Confieso no ser racista pero hay que tener en cuenta que los negros americanos a diferencia de los negros colombianos son completamente impredecibles. Muchas veces he tenido malas experiencias gracias a los sentimientos racistas que aún se respiran en la cultura americana y me he sentido maltratado por personas, en especial mujeres, que gracias a un resentimiento poli-centenario me han generado cierta prevención.
Decidí bajarme en un lugar cualquiera del Bronx, al parecer una de las zonas más comerciales de la zona conocida como “The Hub”, esto gracias a que vi una estación que parecía ser mi salvación. Cuando me bajé quedé más que asustado, triste. Era una zona bastante deprimida, habían, además de muchos borrachos, ilegales de todas las nacionalidades y pobreza, mucha pobreza.
El metro rumbo al “mejor” mundo de Manhattan no estaba funcionando. Por un momento me preocupé pero me acordé del principio básico del transporte público en New York: Donde el bus te deja, el bus te recoje pero alfrente. Y así fue, espere cerca de 30 minutos hasta que apareció.
Desde el Bronx bajé hasta Times Square haciendo los respectivos transbordos, todo esto se demoró más de dos magníficas horas de recorrido desde donde pude ver gran parte del Uptown. Esperaba ver a Jerry Seinfeld, a Joko Ono o a Woody Allen, pero lo máximo que vi fue a un tipo igualito a Rubén Blades pero con 25 años, seguro sería un hijo no reconocido de sus épocas andariegas de joven y bello.

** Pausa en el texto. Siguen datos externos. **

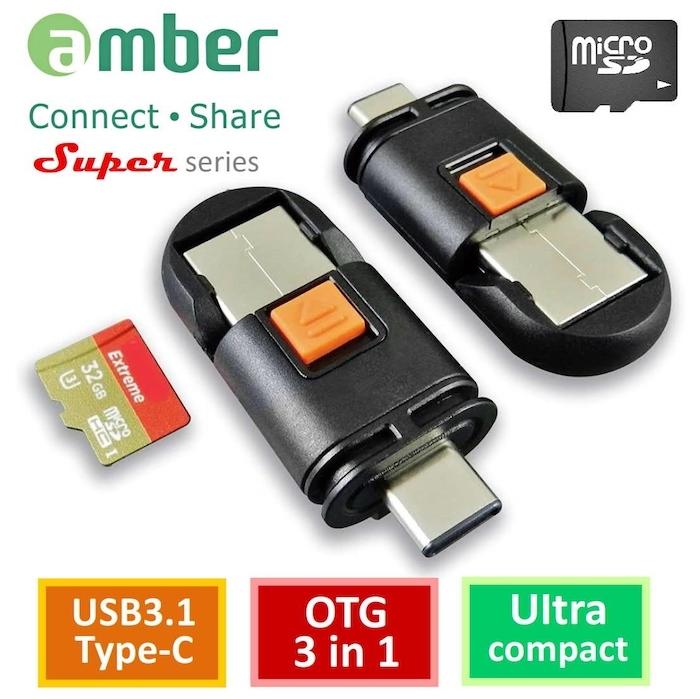 【折價中】amber 高傳輸micro SD記憶卡/USB 3.1 A公/Type-C公三合一OTG雙面接頭讀卡機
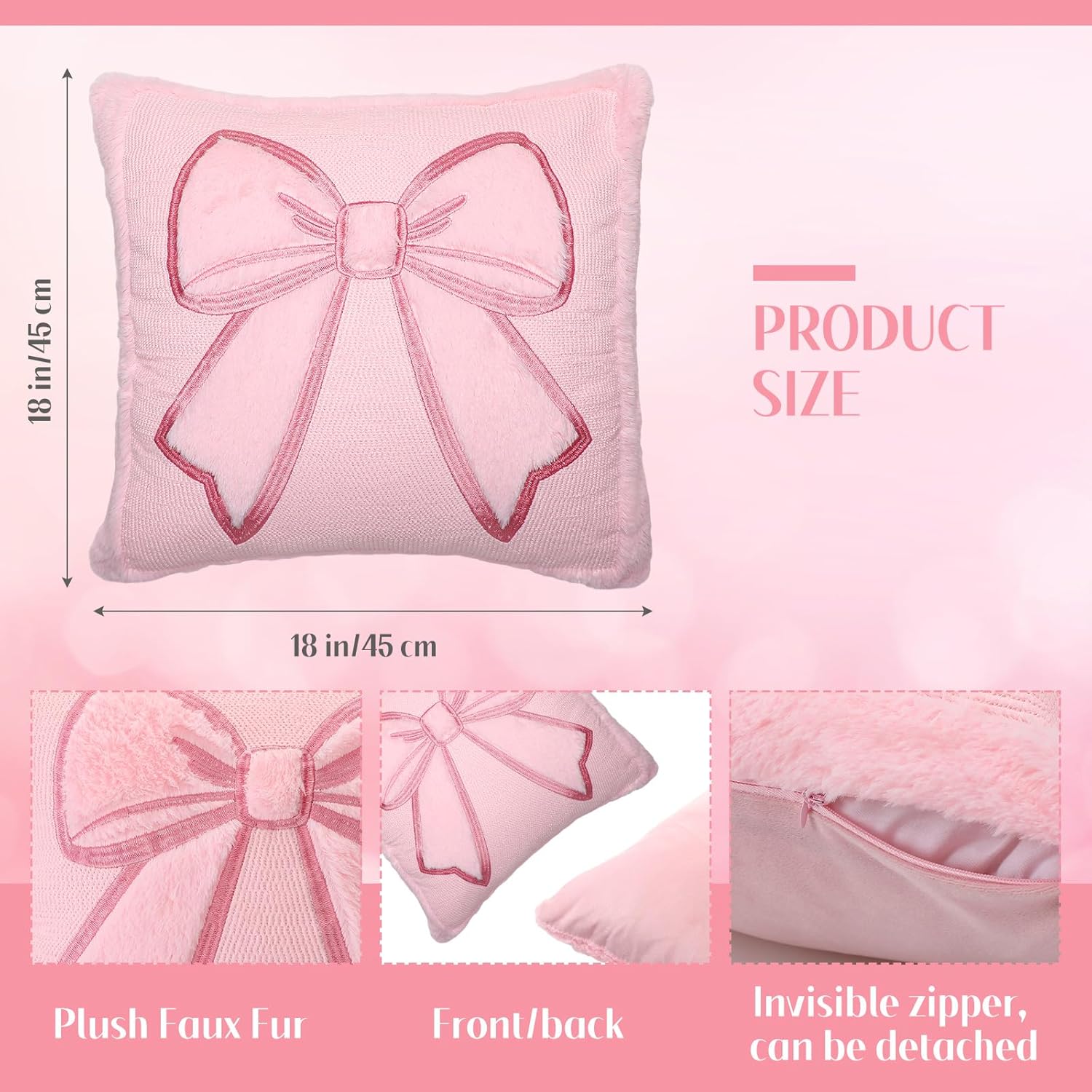 Pink Bow Pillow Covers 18x18 Set of 2 Embroidered Coquette Preppy Room Decor Decorative Cute Faux Fur Soft Bowknot Aesthetic Pillow Cover Valentine's Pillowcase for Bed Couch Dormitories Decor - Image 2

Despues de almorzar en Times Square me fui a comprar mi pasaje de tren desde Penn Station hacia el aeropuerto de Newark con el fin de tener todo listo para mi vuelo a Frankfurt. El trayecto lo opera New Jersey Transit y cuesta 15 dólares.

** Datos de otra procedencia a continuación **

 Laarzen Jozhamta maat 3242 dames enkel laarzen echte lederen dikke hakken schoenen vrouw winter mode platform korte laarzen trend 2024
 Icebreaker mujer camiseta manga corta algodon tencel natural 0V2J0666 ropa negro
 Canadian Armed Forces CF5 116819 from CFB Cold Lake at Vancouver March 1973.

Luego llegué a Queens, más exatamente a Jackson Heights, en la Roosevelt, una zona llena, llenita de inmigrantes indúes, colombianos y ecuatorianos.
Hay, entre otras cosas, puteaderos llenos de pereiranas (asi lo anuncian, no lo digo yo). Me llamó la atencíon uno que se llamaba “Las Paisitas” y tenía una bandera del Atlético Nacional a la entrada. El verde se veía corrompido por la luz roja que tenía al fondo.

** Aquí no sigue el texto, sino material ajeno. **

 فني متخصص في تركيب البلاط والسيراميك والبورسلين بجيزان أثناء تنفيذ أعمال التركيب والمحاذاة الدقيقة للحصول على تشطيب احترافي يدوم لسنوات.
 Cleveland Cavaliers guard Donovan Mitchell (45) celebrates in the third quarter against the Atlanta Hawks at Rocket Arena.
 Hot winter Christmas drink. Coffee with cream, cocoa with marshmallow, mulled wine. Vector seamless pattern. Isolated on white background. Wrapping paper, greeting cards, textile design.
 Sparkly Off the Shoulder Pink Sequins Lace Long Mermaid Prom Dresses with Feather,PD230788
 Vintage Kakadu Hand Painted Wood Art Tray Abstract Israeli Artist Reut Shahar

Teniendo en cuenta que era sábado en la noche, me fuí para una de las zonas play de la ciudad, el equivalente al Barrio Granada de Cali, el parque Lleras de Medellín o la Zona T de Bogorá pero en New York se llama Greenwich Village, son los alrededores de la Universidad de New York tal como lo había dicho en entradas anteriores. Mucha gente linda y mucha gente play y gay play.
Como el objetivo era ahorrar plata, me compré un par de cervezas en una “tienda” y como beber en la calle es ilegal en el estado de NY, metí mis cervecas en una bolsa de papel y bebí con un pitillo cual borrahco triste del Bronx. Así terminó mi noche, medio prendido, comiéndome dos slices de pizza para calmar el hambre y el cansancio. He dicho.